### Work item
Output the listing exactly as written, apart from its pictures.

===== Available data =====

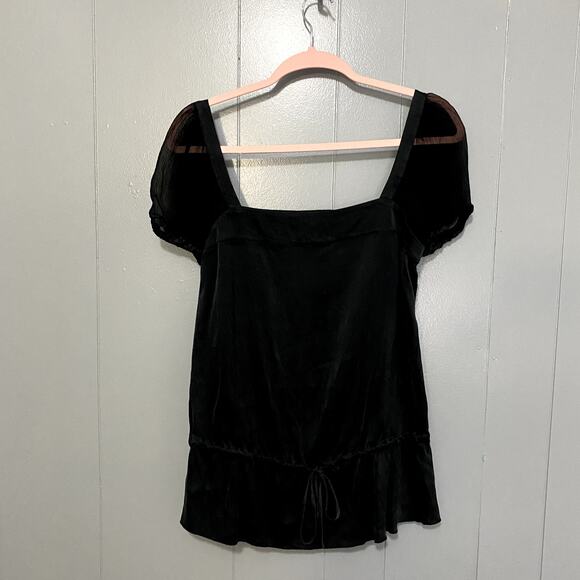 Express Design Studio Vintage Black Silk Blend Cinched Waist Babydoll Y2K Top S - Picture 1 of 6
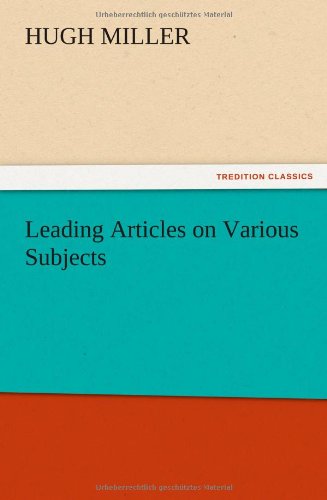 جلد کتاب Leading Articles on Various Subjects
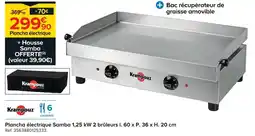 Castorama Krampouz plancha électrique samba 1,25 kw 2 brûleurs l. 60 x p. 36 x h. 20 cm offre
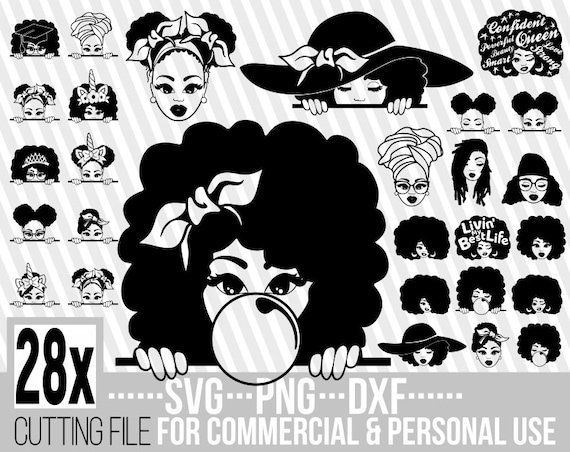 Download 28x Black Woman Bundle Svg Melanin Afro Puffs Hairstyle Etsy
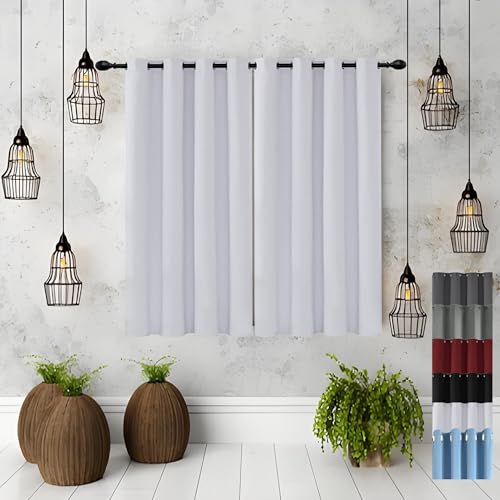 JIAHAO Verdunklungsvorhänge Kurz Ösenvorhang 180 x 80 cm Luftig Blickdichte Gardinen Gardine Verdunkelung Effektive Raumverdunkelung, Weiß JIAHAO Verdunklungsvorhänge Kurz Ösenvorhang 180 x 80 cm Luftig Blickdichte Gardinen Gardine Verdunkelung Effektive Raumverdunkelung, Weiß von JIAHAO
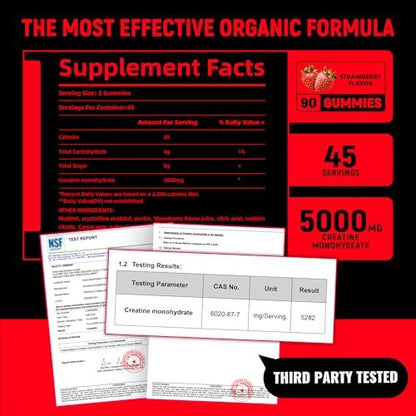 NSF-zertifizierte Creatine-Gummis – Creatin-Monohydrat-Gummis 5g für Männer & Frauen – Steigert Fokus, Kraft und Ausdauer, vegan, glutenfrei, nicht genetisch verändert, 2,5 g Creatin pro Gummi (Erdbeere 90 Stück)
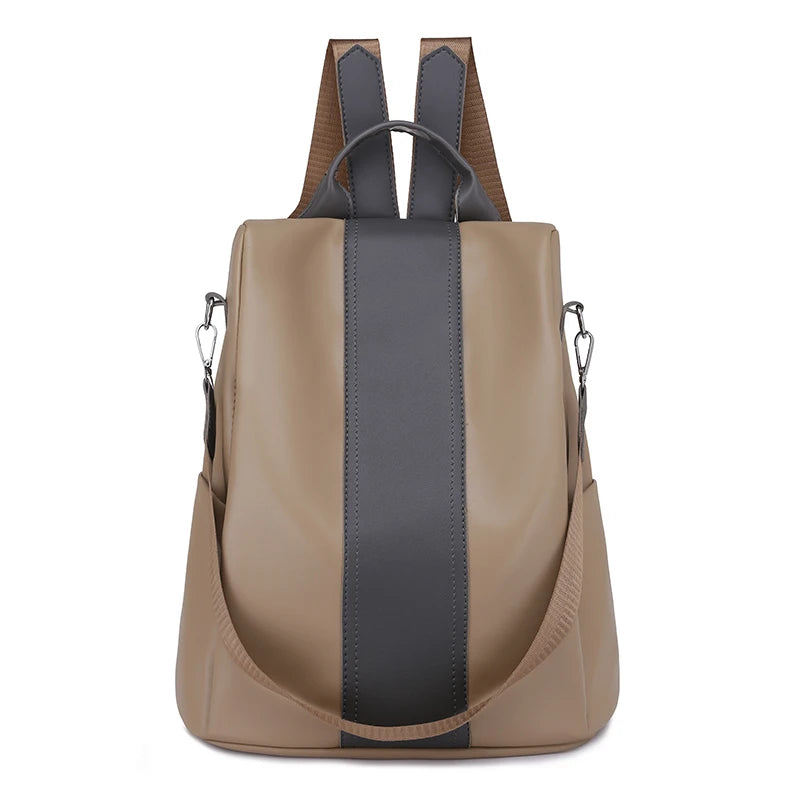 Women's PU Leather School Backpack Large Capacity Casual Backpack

=====

### Response to this task
 Express Design Studio Vintage Black Silk Blend Cinched Waist Babydoll Y2K Top S - Picture 1 of 6
 جلد کتاب Leading Articles on Various Subjects
 Castorama Krampouz plancha électrique samba 1,25 kw 2 brûleurs l. 60 x p. 36 x h. 20 cm offre
 Download 28x Black Woman Bundle Svg Melanin Afro Puffs Hairstyle Etsy
 JIAHAO Verdunklungsvorhänge Kurz Ösenvorhang 180 x 80 cm Luftig Blickdichte Gardinen Gardine Verdunkelung Effektive Raumverdunkelung, Weiß JIAHAO Verdunklungsvorhänge Kurz Ösenvorhang 180 x 80 cm Luftig Blickdichte Gardinen Gardine Verdunkelung Effektive Raumverdunkelung, Weiß von JIAHAO
 NSF-zertifizierte Creatine-Gummis – Creatin-Monohydrat-Gummis 5g für Männer & Frauen – Steigert Fokus, Kraft und Ausdauer, vegan, glutenfrei, nicht genetisch verändert, 2,5 g Creatin pro Gummi (Erdbeere 90 Stück)
 Women's PU Leather School Backpack Large Capacity Casual Backpack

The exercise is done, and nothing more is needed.